The annual Oie’ll Verree, which can still be found in a number of rural settings, takes the form of a concert and remains at the forefront of Manx life as a community event, but the occasion at Kirk Michael was tinged with sadness after the news of the sudden death of Roy Kennaugh, who was one of its most dedicated proponents and organisers.
Held as usual at the Ebenezer Hall in Michael village, the venue was packed with an expectant crowd, looking forward to a good evening of entertainment, but before proceedings got underway tributes to the late Roy Kennaugh were given by John ‘Dog’ Callister and a member of Michael Heritage Trust.
Local singer Dilys Sowery provided a gentle start to the evening, in partnership on this occasion with accordionist John Kaighin. This was followed by Deborah Taubman and Mary Faragher with recitations of historical Manx poetry, including that of the legendary T. E. Brown, and a little magic from Giles Beaumont. The first half concluded with some superb music from harpist Mera Royle and a selection of traditional dances from northern based dance group Ny Fennee.

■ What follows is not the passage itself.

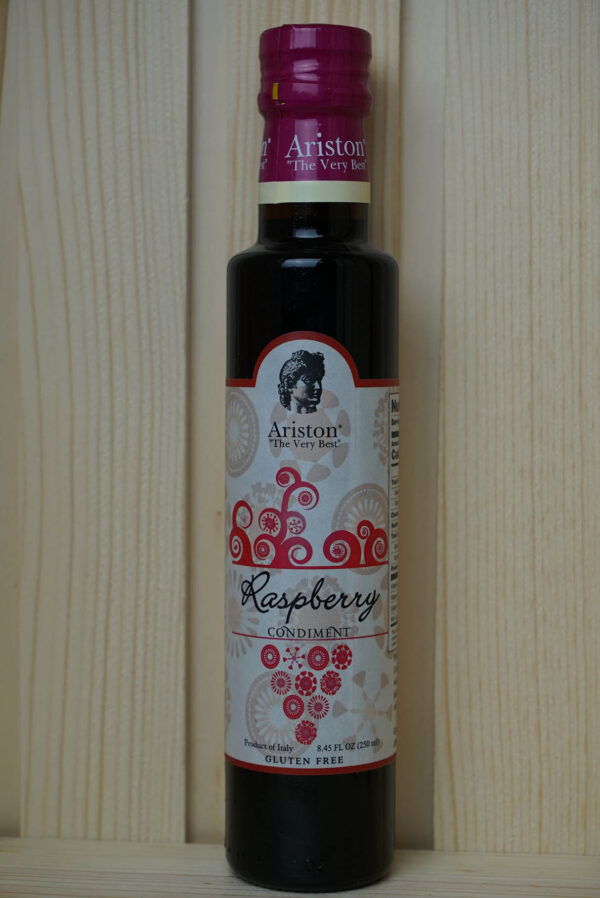 Raspberry condiment vinegar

A short interval, which included the presentation of the award Yn Gliggyr to a resident for their work in the parish, was then followed by the main event, which was the eagerly awaited dialect play, presented by The Michael Players RBV and produced by the late Roy Kennaugh.
This year’s play was The L’il Smook by the prolific J. J. Kneen, a comedy based on the exploits of Mrs Qualtrough’s endeavours to stop her husband from smoking and was the prize winner of the 1913 Yn Çheshaght Ghailckagh play competition. Recognised as the greatest Manx linguist of his generation and one of the most important scholars of Manx subjects, J. J. Kneen was awarded a Knighthood from the King of Norway.
Proceedings closed with the singing of Arrane Oie Vie (goodnight song) and a hearty home-made supper.